(DATASET EXCERPTS):

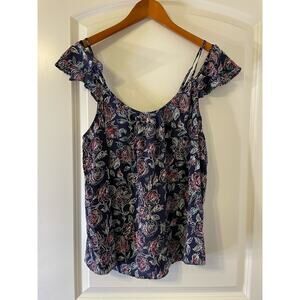 Joie Silk Blouse Large Blue Floral Off the Shoulder Ruffled Cottage Core Boho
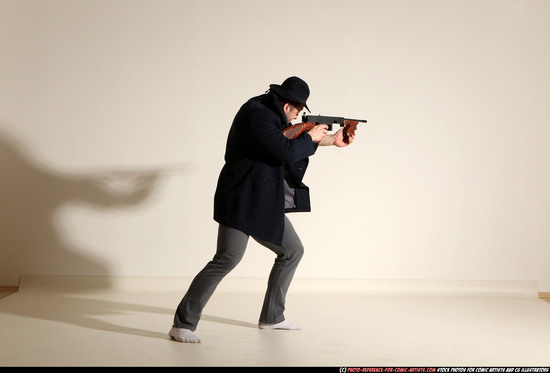 Man Adult Muscular White Fighting with submachine gun Moving poses Coat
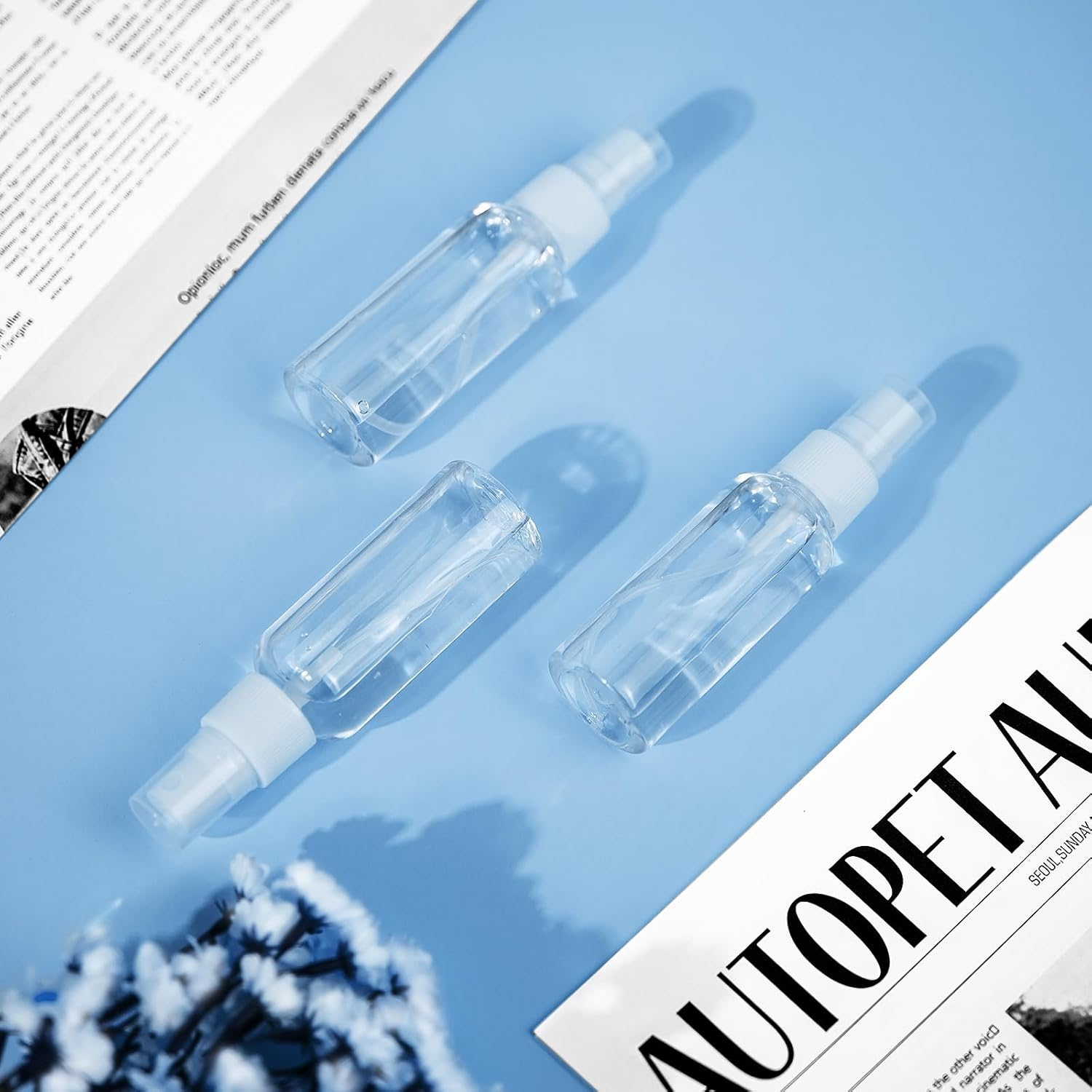 Zoizocp Spray Bottles, 2Oz/50Ml Clear Empty Fine Mist Plastic Mini Travel Bottle Set, Small Refillable Liquid Containers with 2Pcs Funnels and 24Pcs Labels (6 Pack) image number 1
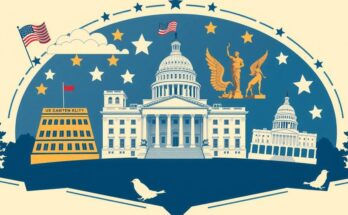 Rappresentazione dell'élite anti-elite in politica, simboli di potere e una mappa del governo americano.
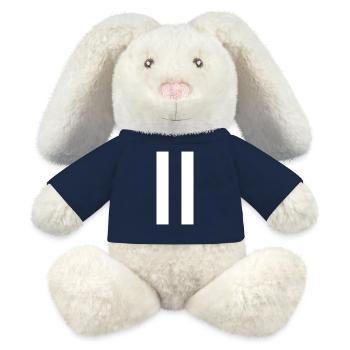 Pause sign – modern minimal design - MiniFeet® RecycelHase® Bunny Cream - french navy - Front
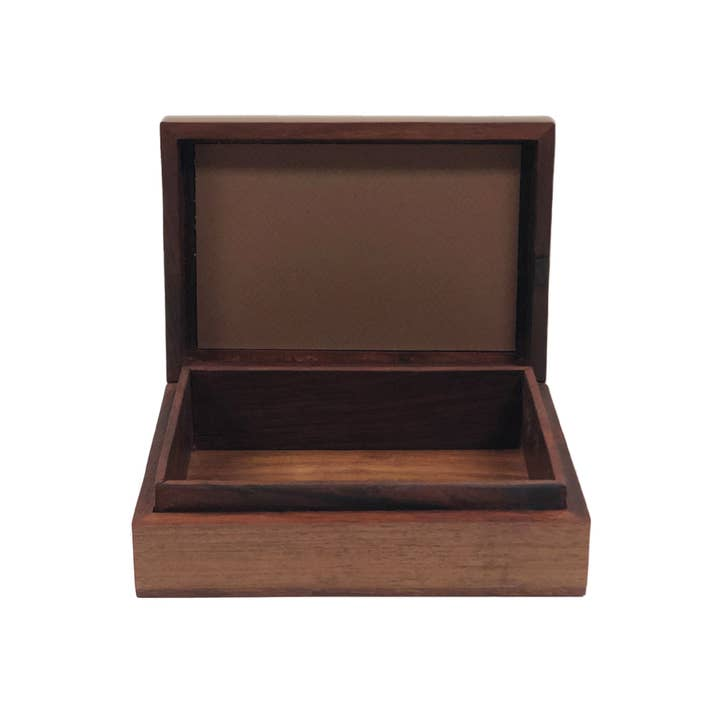 Open vintage-style rectangular wood trinket box with a dark brown stained interior.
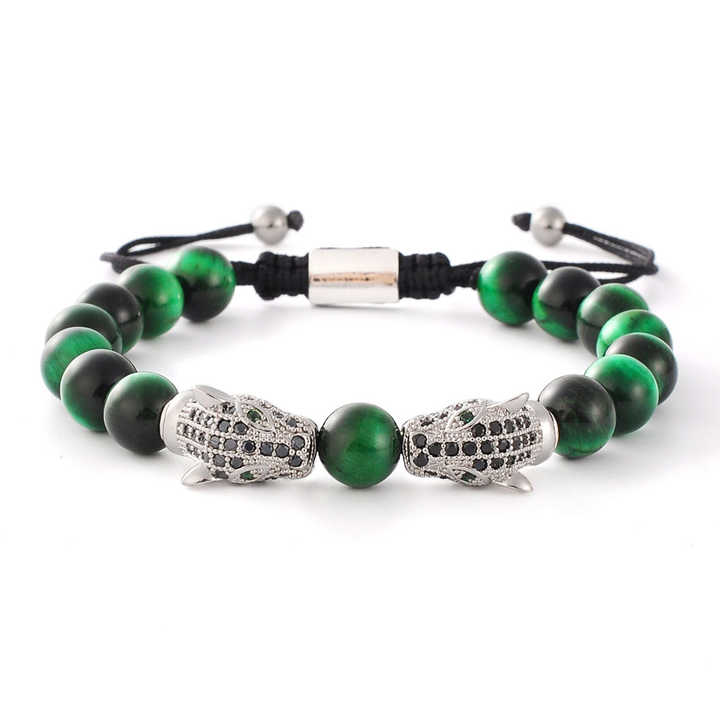 Pulsera Cuarzo y Cabezas de Leopardo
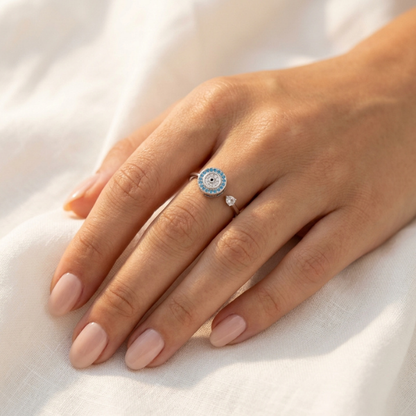 A Mi Hija - Anillo Ojo de la Suerte | Antiestés Giratorio | Ajustable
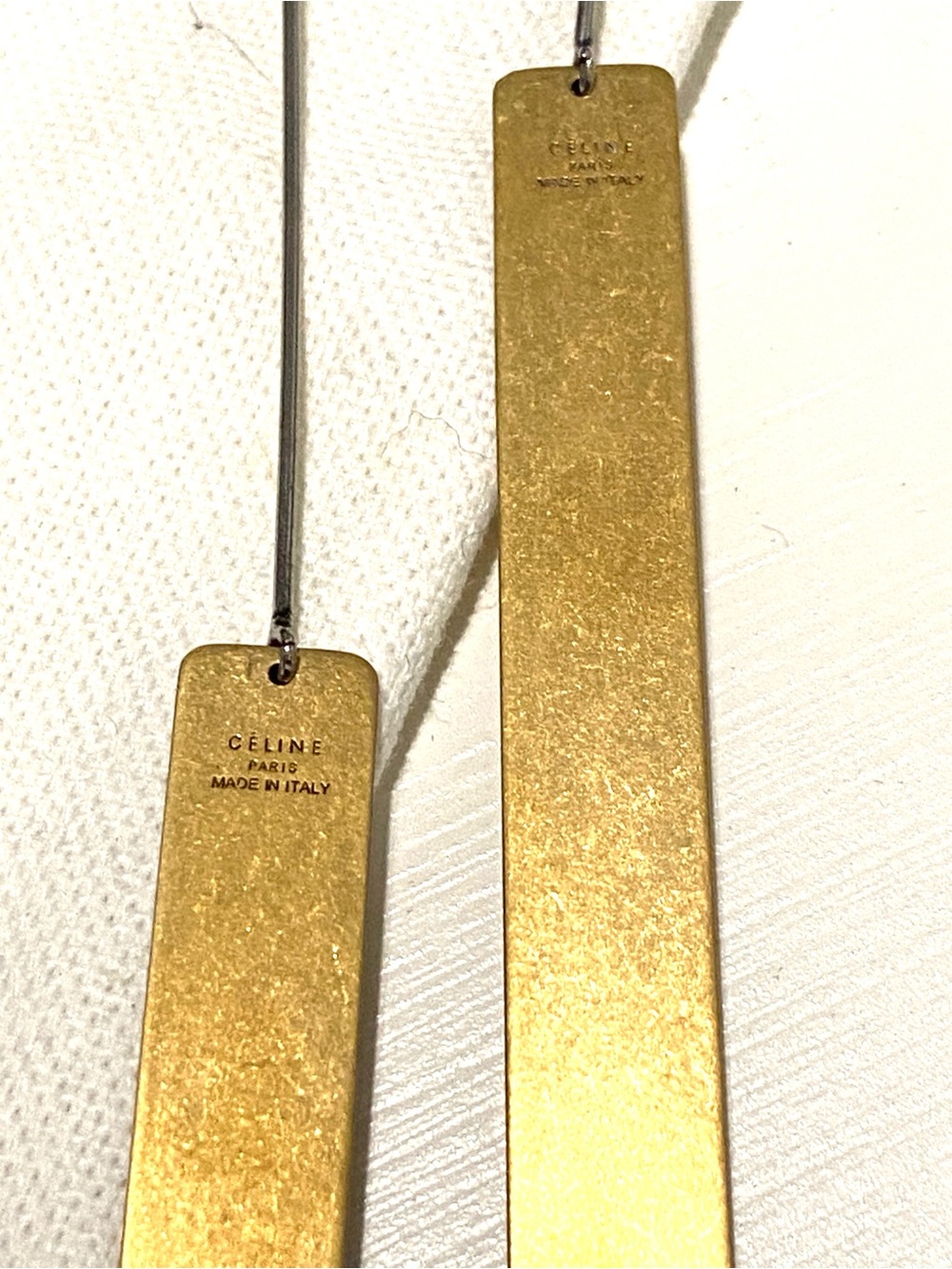 Celine Gold Long Rectangular Drop Earrings - Picture 4 of 8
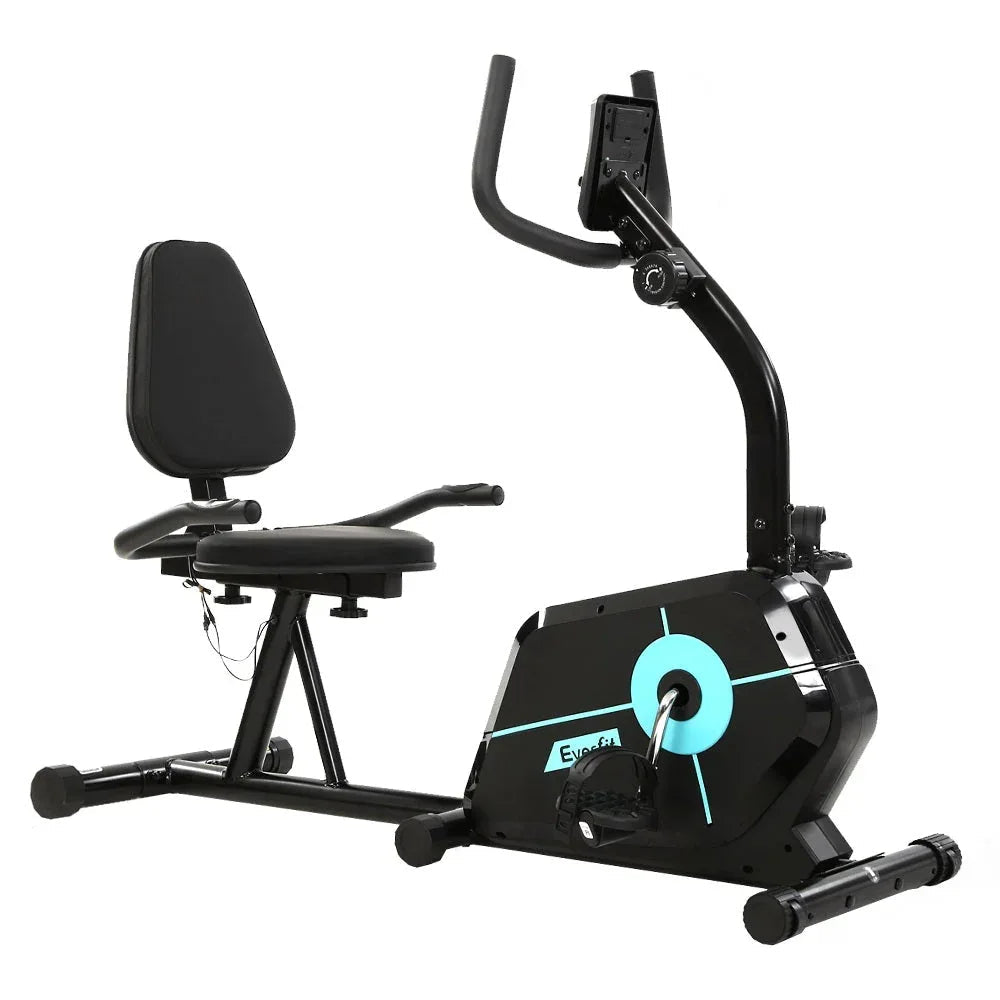 Black Everfit magnetic recumbent exercise bike side view showing seat and pedals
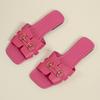 Wear Metal Buckle Square Head Flat Slippers Women's Summer New Sandals Large Size Slippers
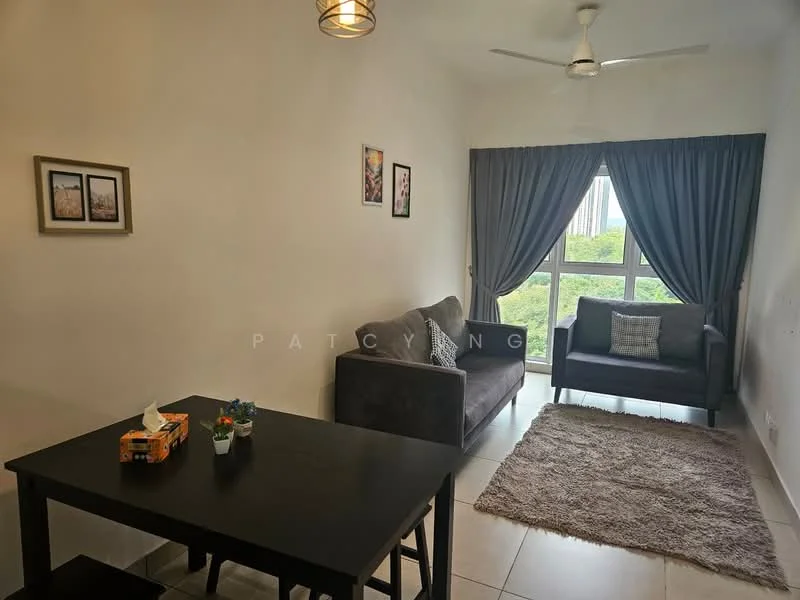 Living features: 3-seater fabric sofa in grey, armchair in grey, black dining table, area rug with neutral color, floor-to-ceiling windows, curtains in dark grey, ceiling fan, decorative wall art, framed pictures on wall, small potted plants on table; style: modern; view: city.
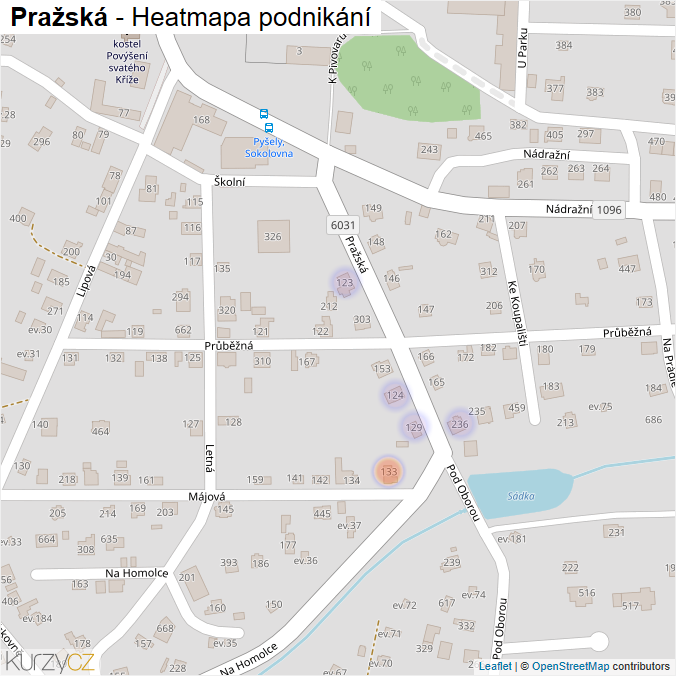 Mapa Pražská - Firmy v ulici.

(WORK INSTRUCTIONS):
Only the entries themselves should be output, word for word, with all pictures omitted.

(ANSWER AREA):
 Joie Silk Blouse Large Blue Floral Off the Shoulder Ruffled Cottage Core Boho
 Man Adult Muscular White Fighting with submachine gun Moving poses Coat
 Zoizocp Spray Bottles, 2Oz/50Ml Clear Empty Fine Mist Plastic Mini Travel Bottle Set, Small Refillable Liquid Containers with 2Pcs Funnels and 24Pcs Labels (6 Pack) image number 1
 Rappresentazione dell'élite anti-elite in politica, simboli di potere e una mappa del governo americano.
 Pause sign – modern minimal design - MiniFeet® RecycelHase® Bunny Cream - french navy - Front
 Open vintage-style rectangular wood trinket box with a dark brown stained interior.
 Pulsera Cuarzo y Cabezas de Leopardo
 A Mi Hija - Anillo Ojo de la Suerte | Antiestés Giratorio | Ajustable
 Celine Gold Long Rectangular Drop Earrings - Picture 4 of 8
 Black Everfit magnetic recumbent exercise bike side view showing seat and pedals
 Wear Metal Buckle Square Head Flat Slippers Women's Summer New Sandals Large Size Slippers
 Living features: 3-seater fabric sofa in grey, armchair in grey, black dining table, area rug with neutral color, floor-to-ceiling windows, curtains in dark grey, ceiling fan, decorative wall art, framed pictures on wall, small potted plants on table; style: modern; view: city.
 Mapa Pražská - Firmy v ulici.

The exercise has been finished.